Synergistic effects of Ret coding and enhancer loss-of-function alleles cause progressive loss of inhibitory motor neurons in the enteric nervous system

Hirschsprung disease (HSCR) is a congenital enteric neuropathy caused by disrupted migration, proliferation, and/or differentiation of enteric neural crest-derived cells (ENCDCs), with pathogenic variants at RET accounting for a major fraction of cases. While coding variants in RET are known to impair enteric nervous system (ENS) development, the causal effects of pathogenic regulatory variants remain poorly understood. The largest contribution to HSCR risk is from a common variant (rs2435357) in an ENS-active, SOX10-bound RET enhancer (MCS+9.7) that reduces RET gene expression in vivo and triggers expression changes in other ENS genes in the human fetal gut. Here, we investigate the role of this enhancer in ENS development using a targeted mouse model by deleting this enhancer (Δmcs9.7). Single-cell RNA-seq profiling of wildtype and Δmcs9.7/ Δmcs9.7 homozygote embryos at the developmental stage E14.5 revealed an ∼8% decrease in Ret expression within ENS cell clusters, with no gross shifts in ENS cell type composition . Ret expression loss was limited to early differentiating neurons and inhibitory motor neurons, indicating cell type-specific enhancer control.

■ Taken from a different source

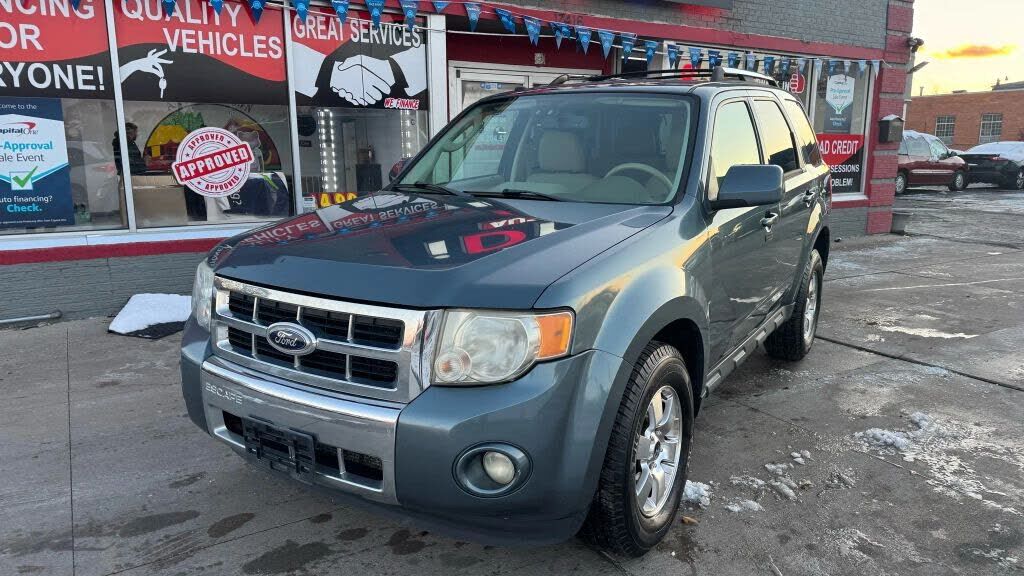 Ford Escape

To identify the Ret functional threshold for normal ENS development, we next generated a compound heterozygous mouse (+/Δmcs9.7; +/CFP), heterozygous null for both the enhancer and coding (CFP) alleles, that showed additive reductions in Ret expression in these same cell types and bidirectional feedback between Ret and its transcription factor So×10 . We observed reduced expression of multiple cell cycle genes and significant loss of nNOS+ and VIP+ neurons in the E14.5 gut, consistent with decreased inhibitory neuron network function driven by loss of proliferation, the hallmark of HSCR. These findings established a cell type-specific role for the mcs9.7 enhancer in modulating Ret dosage and revealed how subtle enhancer perturbations alter neural subtype specification without overt aganglionosis. Together, our work uncovers the functional consequences of a common RET enhancer variant offering new insights into gene regulatory mechanisms driving HSCR.